After a mediocre career as a player, Beane moved to the front office of the Oakland A’s eventually rising to general manager. Beane was constrained by an ownership unwilling carry a large payroll and he made a virtue of this necessity. Embracing many of the insights of sabermetricians and hiring statistically competent Ivy League graduates to develop better statistical methods of player evaluation, Bean was able to acquire players who by conventional analysis and by perhaps by appearance were undervalued.

Beane uses batting statistics to estimate likely run production and derive dollar costs per run scored. It is then possible to numerically assess whether the acquisition of a particular player will reduce or increase the team’s net cost per run scored. Like an astute investor, Billy Beane exploits the inefficiencies created by traditional baseball measures to find players whose performance would likely exceed market expectations. When a player’s performance becomes apparent after playing with the A’s, his salary demands would grow larger than the A’s could afford and Beane would trade him off for undervalued players from other teams. After the middle of the season, some high payroll teams with slim playoff hopes would be looking to shed some salary, and Oakland could pick up bargain players.

It is estimated that the difference in talent between teams amounts to about a run a game. Luck adds perhaps four runs a game. The impact of the difference in talent between the teams is overwhelmed by luck in any particular game. However, over a 162 game season luck tends to average out and talent generally shines through. Once the playoffs begin, luck tends to dominate again. There are too few games, too small a sample size, for the best team to be assured victory in any particular series.

In 2002, Oakland posted the same 103 wins as the New York Yankees, a team boasting the largest payroll in baseball. There also were teams such as the New York Mets and the Baltimore Orioles carrying large payrolls that could not manage to win half of their games. In the American League West, there was an exactly inverse correlation of player payroll and performance with the parsimonious Oakland A’s leading the division and the high-spending Texas Rangers struggling with less than a 45% winning percentage.

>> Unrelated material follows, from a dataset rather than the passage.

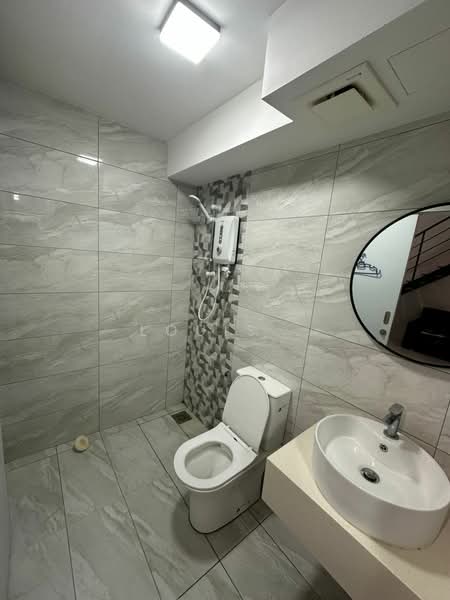 Service Residence for Rent at Arte Cheras - Louis . - Bathroom - PropertyGuru.com.my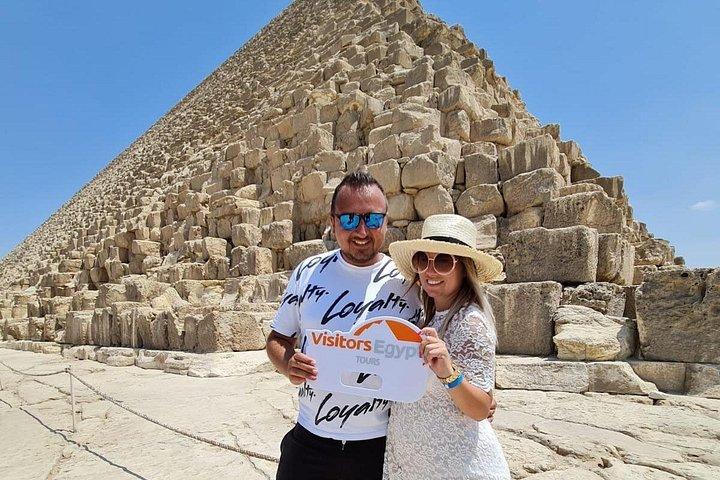 Private 3-Days Trip in Cairo & Alexandria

Despite the conspicuous low-budget success of Oakland, other baseball teams have been slow to adopt Beane’s approach. Baseball Commissioner Bud Selig has tried to equalize the resources available to teams to prevent high-spending teams from perpetual dominance. The Oakland A’s are thus an embarrassment. Of course, as sabermetrics becomes more widely adopted, the differential in payroll will become more important. However, for now most of the baseball intelligentsia continue to regard Oakland as a fluke. Such intransigent owners and managers will be left behind as a more critical analysis of baseball takes hold. Beane remains elated at the remaining stubbornness, confident it will insure the continued availability of undervalued players.

1. On base percentage is the number of times a player safely makes it to base divided by the number of plate appearances. Slugging percentage is the number of total bases divided by the number of at bats. The term “percentage” is used when “fraction” is more accurate.